Liability of ISP/Host for Publication of Protected Content

On October 28, 1998, new laws were enacted governing copyright liability for online service providers and hosts. The revised laws protect providers and hosts through what is referred to as a “safe harbor” provision to the Digital Millennium Copyright Act which protects them from online copyright infringement liability due to their relationship with their subscriber-web user. Because of this protection, if you are not able to locate the infringing party directly, you will need to send written notice of infringement to the internet service provider/host directly informing them of your infringement claims and they will in turn convey your notice to the alleged copyright infringer.

After written notice is made to the infringing party, either directly by you or through the web host or internet provider, your next step is to either resolve the matter informally with the infringing party or file a copyright lawsuit against the infringing party.

If informal attempts to settle fail, you may proceed with filing a law suit for not only standard copyright infringement damages, but also reasonable legal fees, costs of suit, and all statutory damages that are provided by law.

Defense of Copyright Infringement Claims

It is not unusual for the infringing party to deny that they engaged in internet copyright infringement. This is why it is essential for the owner of the protected content to positively identify the exact time and location that the original download was made.

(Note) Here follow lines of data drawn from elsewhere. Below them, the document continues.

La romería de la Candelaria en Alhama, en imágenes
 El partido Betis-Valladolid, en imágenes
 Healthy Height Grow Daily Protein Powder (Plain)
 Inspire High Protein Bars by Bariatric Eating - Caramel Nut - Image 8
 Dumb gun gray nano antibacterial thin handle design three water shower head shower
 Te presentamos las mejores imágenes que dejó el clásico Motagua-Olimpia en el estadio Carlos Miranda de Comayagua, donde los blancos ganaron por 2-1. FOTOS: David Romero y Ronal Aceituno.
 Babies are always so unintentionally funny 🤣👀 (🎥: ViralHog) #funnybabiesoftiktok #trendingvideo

The goal under these circumstances is to connect-up the copyright offender with the actual content that was downloaded.

Todays advanced technology enables the owner of the content to make this vital evidentiary connection. However it is usually the ISP or Host that possesses this essential information, which is why you may first have to file a lawsuit and then subpoena these records in order to obtain the evidentiary proof you need to prosecute your claims against the infringing web user directly.

What Constitutes Infringement

Ideas are generally not protected by copyright law – but the words that describe those ideas can be. For example, if your article was scraped verbatim and placed on to another persons site, clearly, this is a blatant infringement and you will have a legal right to recover against the infringing party. If however the article was merely summarized by the alleged infringing party and put into their own words, this is usually considered legal under current copyright law. Additionally, it is generally acceptable to copy small excerpts of the copyrighted material under the “fair use” rule so long as a link to the original content is provided.

The Fair-Use Defense – Determining Factors

The Copyright Act provides “fair use factors” to determine whether a particular use of protected copyrighted work falls under the fair-use defense rather then the misappropriation of protected content under internet copyright law.

In determining whether the fair-use defense applies to a given copyright dispute the court may look at the following factors in determining whether to make a finding of copyright violation.

These factors include the purpose and character of the use, including whether the use was commercially motivated; the nature of the copyrighted work; and whether there has been substantial use of the work in relation to the copyrighted work. These factors are weighed by the court in determining whether to impose legal liability against the defendant.